(Image-caption web data)
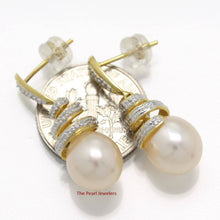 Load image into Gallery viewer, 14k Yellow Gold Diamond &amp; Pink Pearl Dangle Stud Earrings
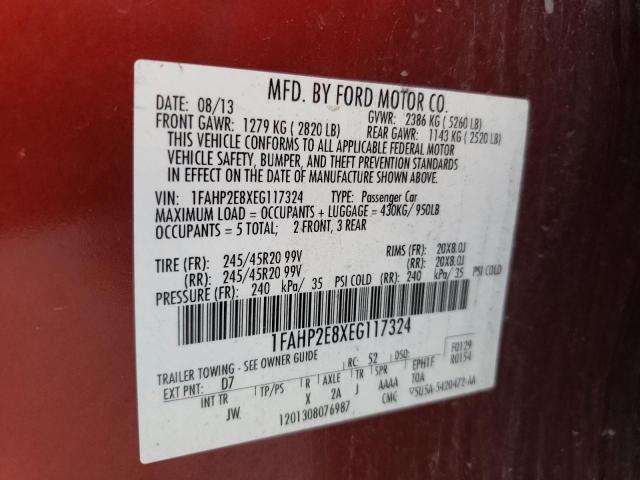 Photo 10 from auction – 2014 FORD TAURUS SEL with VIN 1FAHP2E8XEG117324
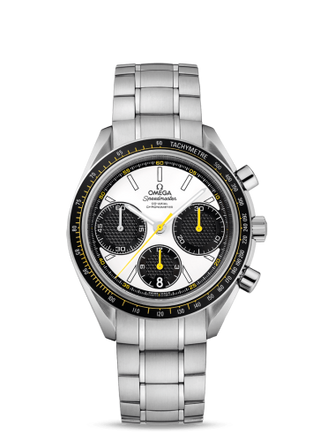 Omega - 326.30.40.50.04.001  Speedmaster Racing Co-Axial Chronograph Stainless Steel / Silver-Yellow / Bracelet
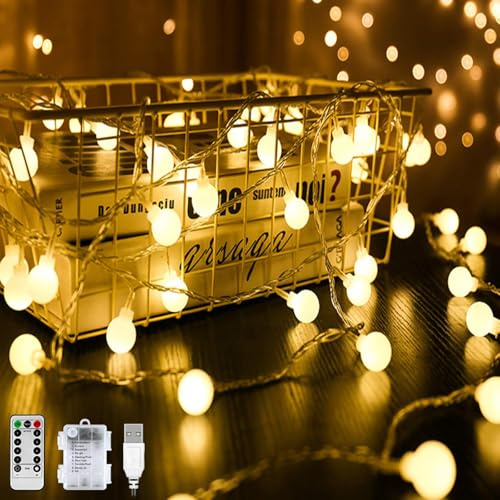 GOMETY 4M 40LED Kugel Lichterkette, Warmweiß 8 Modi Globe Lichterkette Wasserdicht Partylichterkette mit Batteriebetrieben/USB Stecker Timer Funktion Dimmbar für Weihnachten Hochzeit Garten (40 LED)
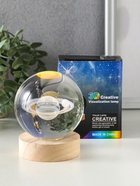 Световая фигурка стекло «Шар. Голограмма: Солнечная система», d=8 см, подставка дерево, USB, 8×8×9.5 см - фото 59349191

§ EXERCISE INSTRUCTIONS:
Your reply should consist of the data, transcribed exactly, and should hold no pictures.

§ RESPONSE TO THE TASK:
 Load image into Gallery viewer, 14k Yellow Gold Diamond &amp; Pink Pearl Dangle Stud Earrings
 Photo 10 from auction – 2014 FORD TAURUS SEL with VIN 1FAHP2E8XEG117324
 Omega - 326.30.40.50.04.001  Speedmaster Racing Co-Axial Chronograph Stainless Steel / Silver-Yellow / Bracelet
 GOMETY 4M 40LED Kugel Lichterkette, Warmweiß 8 Modi Globe Lichterkette Wasserdicht Partylichterkette mit Batteriebetrieben/USB Stecker Timer Funktion Dimmbar für Weihnachten Hochzeit Garten (40 LED)
 Световая фигурка стекло «Шар. Голограмма: Солнечная система», d=8 см, подставка дерево, USB, 8×8×9.5 см - фото 59349191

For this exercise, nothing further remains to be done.